A low electoral threshold encourages people to risk voting for a new party, both because its chances of getting in are better and because fewer votes will be wasted if the gamble fails. But with a four-seat threshold, few voters will take the risk: The chances of getting in are too low, and the number of votes wasted by a failed bid is too high.
Moreover, the higher threshold has forced the three existing parties to unite lest they fail to enter the Knesset at all. Thus instead of a new party being just another entrant in what was already a three-way race, it would now be the sole focus of a united juggernaut’s attacks, and would be accused of destroying Arab unity to boot.
In short, by raising the electoral threshold, Israel has virtually eliminated any possibility of something it desperately needs: an Arab party that fosters integration rather than Jewish-Arab tensions.
The second problem caused by the higher threshold is exemplified by Baruch Marzel, a former Kahanist whose Otzma Yehudit party is running on a joint ticket with Eli Yishai’s Yahad. Otzma is a collection of far-right extremists that has repeatedly failed (under various names) to enter the Knesset. But this time, precisely because of the higher threshold, it looks set to succeed.

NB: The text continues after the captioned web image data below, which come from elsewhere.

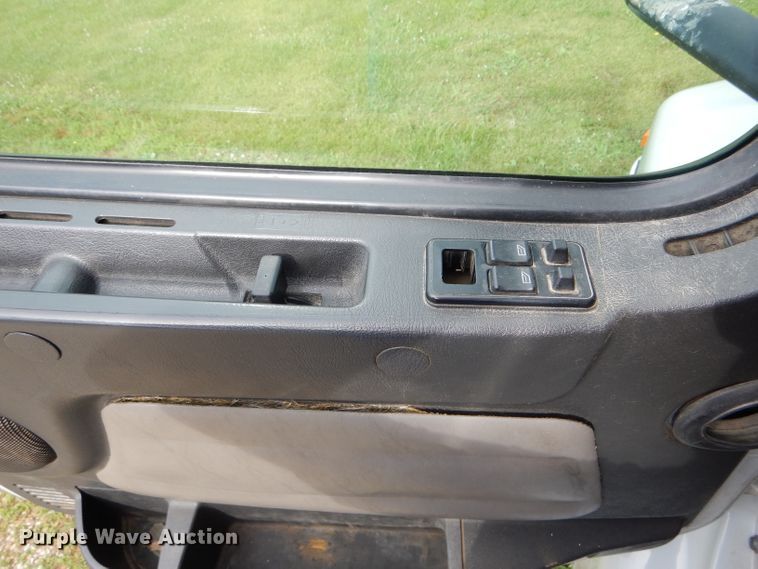 image for item HM9601 2002 Volvo VN  semi truck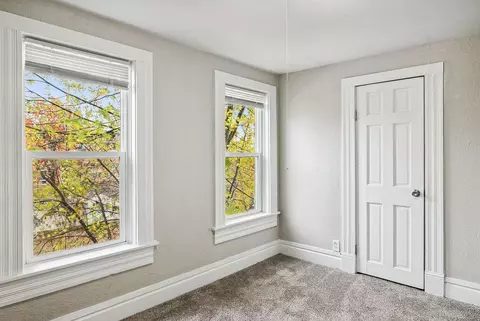 1023 E 1025 E 3rd St, Duluth, MN 55805 photo 11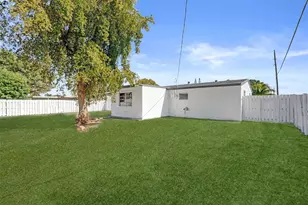 1437 SW 1st Ave, Deerfield Beach, FL 33441 - Photo 27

Why? Because though Yahad could easily have cleared the old threshold on its own, polls showed it missing the new, higher threshold by a few thousand votes. So to boost it over, Yishai was forced to ally with a party he previously wanted nothing to do with. True, he could have kept his hands clean at the price of his party’s defeat – but how many politicians would ever do that?
Clearly, Israel doesn’t benefit from having anti-Arab extremists like Marzel in the Knesset. In contrast, Yishai’s party actually serves two important functions. First, it has attracted Sephardi voters who aren’t ready to abandon identity politics, but would rather not support a convicted criminal like Shas leader Aryeh Deri. Polls currently show Shas losing about four seats, with many of those votes going to Yishai. And if Shas pays a real electoral price for reinstating the corrupt Deri, other parties may think twice about tolerating corruption within their own ranks.

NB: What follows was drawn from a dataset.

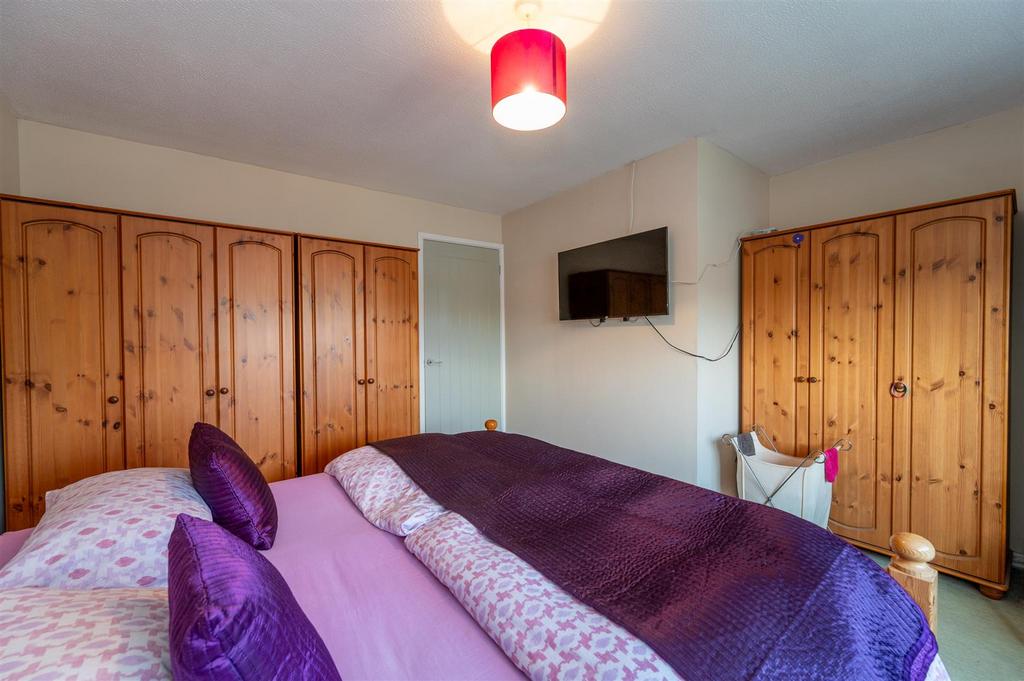 33 Kingfisher Close 25 11.jpg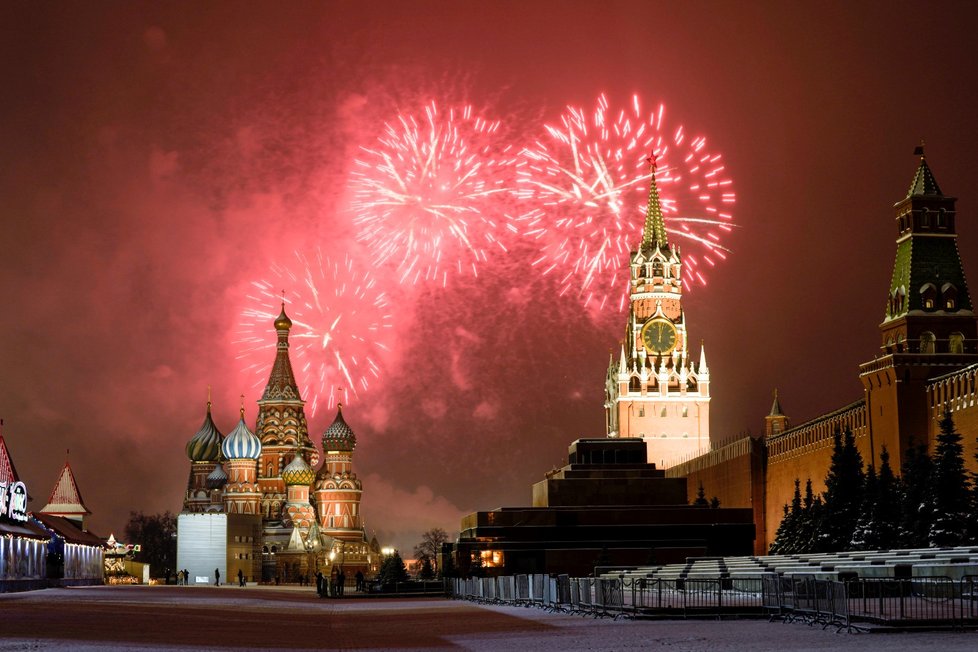 Silvestr 2021: Novoroční ohňostroj v Rusku (31.12.2021)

Second, Yishai’s unabashedly rightist diplomatic stance is attracting significant support from religious Zionism’s hardal wing, which shares the haredi parties’ attitude toward religion but not their willingness to countenance territorial concessions. For years, hardalim have supported the religious Zionist Bayit Yehudi party or its predecessors, and in exchange, Bayit Yehudi largely toed the haredi line on religious issues. But if hardalim now leave in significant numbers, Bayit Yehudi might finally resume representing religious Zionism’s sorely missed traditional stance – a moderate Orthodoxy committed to finding halakhic solutions to national problems.
Thus the best outcome for Israel would be Yahad without Otzma. And under the old electoral threshold, that’s exactly what we would have gotten. Instead, by raising the threshold, we’ve virtually ensured that Otzma will get in on Yishai’s coattails.
I once opposed raising the threshold for fear of driving fringe elements out of the democratic game altogether and thereby increasing the risk of their resorting to violence. But it turns out the higher threshold has actually empowered Jewish extremists while disempowering Arab moderates – the worst of all possible outcomes. Thus the next Knesset’s first order of business must be reinstating the old, lower threshold.